Under the agreement, Sapa would acquire Indalex’s ten active plants in the US (six) and Canada (four), with 29 presses and a total capacity of about 315,000 tonnes per year. Indalex’s sales in 2008 were about 200,000 tonnes. Indalex has about 1,400 employees.
The transaction would allow Sapa to improve its geographical presence in North America, including an introduction into the Canadian region. Also, Sapa would be better positioned to service customers through improved painting, anodizing and fabrication capabilities. In addition, Sapa would be able to optimize customer value through the combined knowledge, experience and technical competence of the two companies. The combination has a significant potential of realizing cost synergies through plant restructuring and cost improvements in procurement, logistics and shared services. The new company would have the ability to further develop new end-use applications in North America, benefitting the customers and the extrusion industry as a whole.

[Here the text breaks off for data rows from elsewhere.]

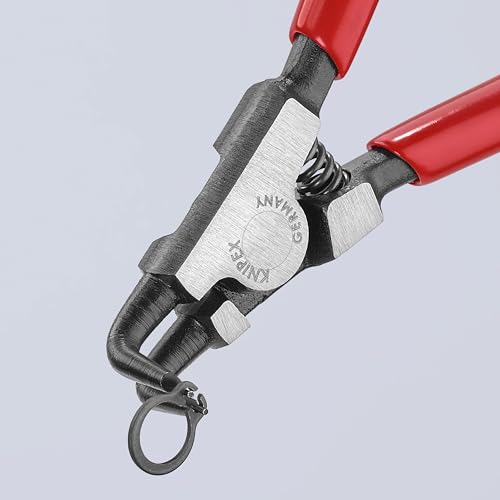 KNIPEX Tools - Circlip Pliers, External, 90 Degree Angled, Forged Tip, 1/8"-25/64" Shaft Dia. (4621A01), 5.00, Black 5-Inch Classic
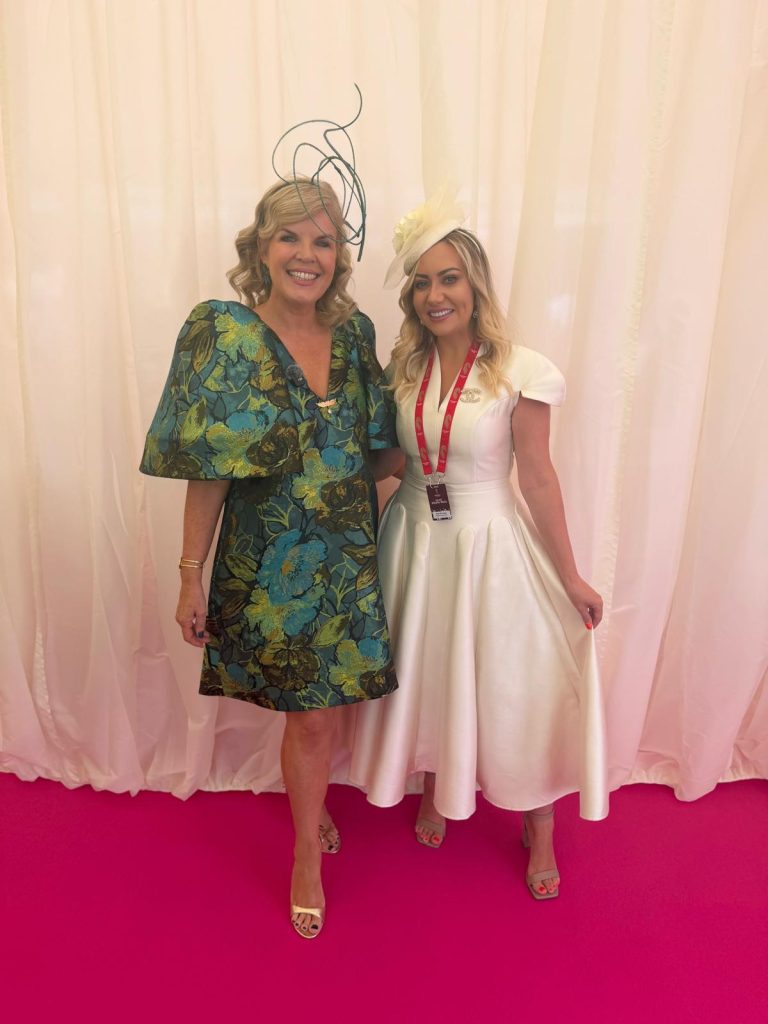 Marietta Doran at Galway Races 2026 Ladies Day with Ruth Mc Court Smart Digital
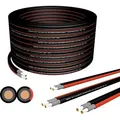 Produktbild: Solarkabel Duplex 6mm2 PV Kabel es Solar Kabel aus Kupfer, Photovoltaik Kabel 50m Schwarz und Rot - Schwarz/Rot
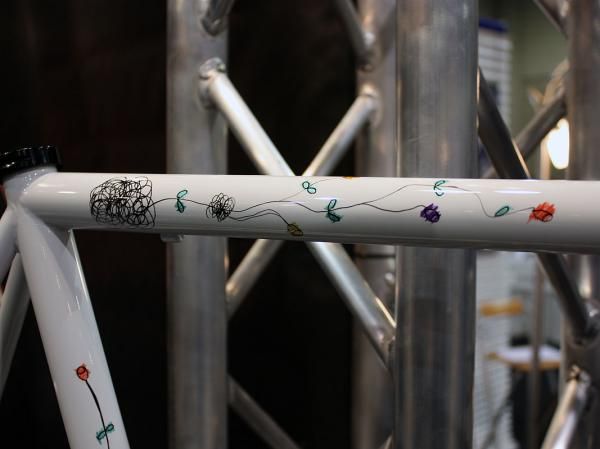 Pegoretti frames invariably feature ornate and highly detailed paint jobs.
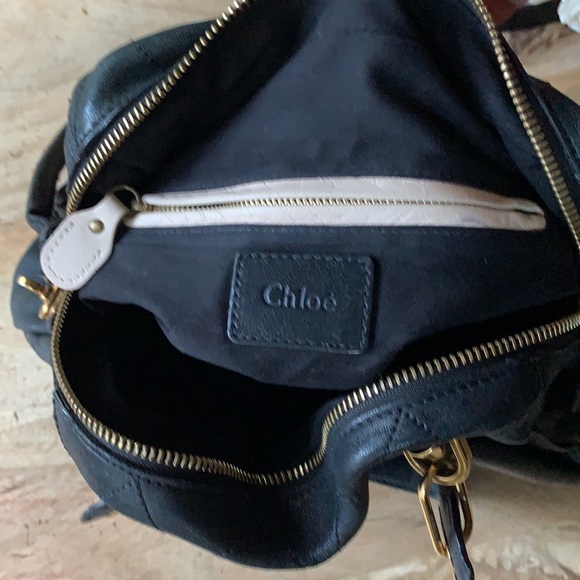 CHLOÈ Paraty Bag - Black Soft Leather Medium - Picture 16 of 16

“I appreciate this opportunity to include Indalex in our North American operation,” Sapa President and CEO Bjørn Wiggen said. “The new combined unit will reflect the strengths of both organizations and represent a possibility to serve the customers even better. By optimizing the broad experience and technical knowledge in the two companies we will be able to bring new solutions to the market sooner.”
Said Jack Miller, Business Area President Sapa Profiles North America, “The agreement demonstrates Orkla’s and Sapa’s commitment to the North American extrusion market. Indalex is an excellent company with a long history in the industry. Combining the two companies will provide a wider product range and better geographic coverage than either company has alone. We will be able to offer our customers a range of products and services that is truly unique.”

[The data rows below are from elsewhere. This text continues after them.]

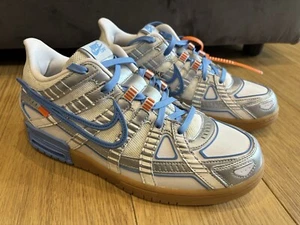 Neu Selten Herren Nike Air Rubber Dunk X Off White Silber Blau Turnschuhe UK 9 - Bild 1 von 5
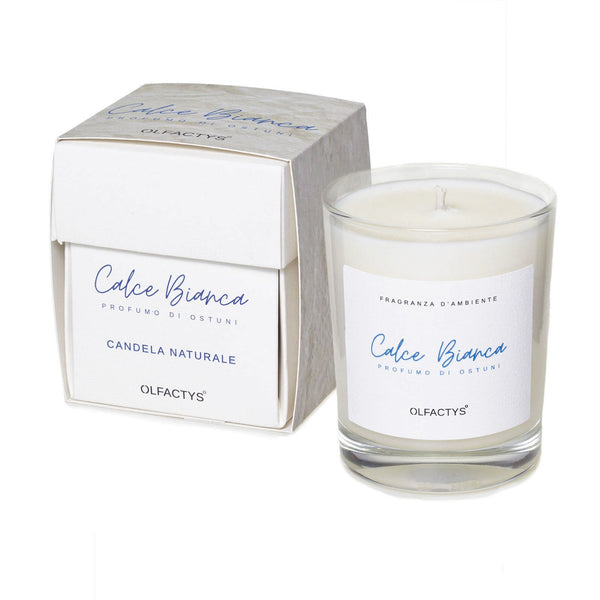 CALCE BIANCA -  Candela Artigianale Naturale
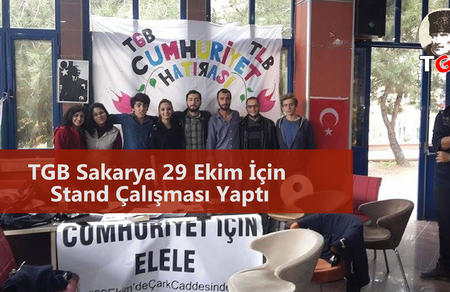 TGB Sakarya 29 Ekim İ&ccedil;in Stand &Ccedil;alışması Yaptı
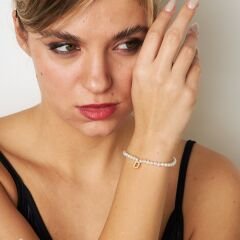 isim bileziği - harfli boncuklu bileklik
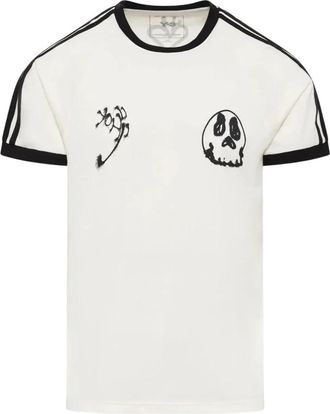 Yohji Yamamoto GFX Cali SS Tee - Heren - T-shirts - Wit - M - Katoen - Tops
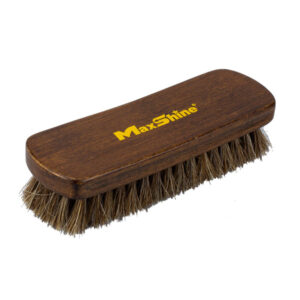 Maxshine 7033007 Horse Hair Brush for Cleaning Upholstery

Tim Stubbs, Indalex President and CEO, said: “This would be a natural fit for both companies. Our customer-focused operating strategies match well and the long-standing commitment to the extrusion industry through investment and modernization are mutual. The strengths of both companies will fit well to provide our customers with unmatched capacity, capabilities and commitment.”
The agreement signed in New York is part of a motion filed with the bankruptcy court in Delaware, along with sale and bid procedures, pursuant to Section 363 of the United States Bankruptcy Code. The motion is scheduled to be heard on July 2, at which time Sapa is expected to be selected as the “stalking horse” bidder. In the event that competitive bids are received from other qualified bidders, a bankruptcy auction will be held around July 16. Final approval of Sapa’s agreement or the auction outcome is expected by the end of July.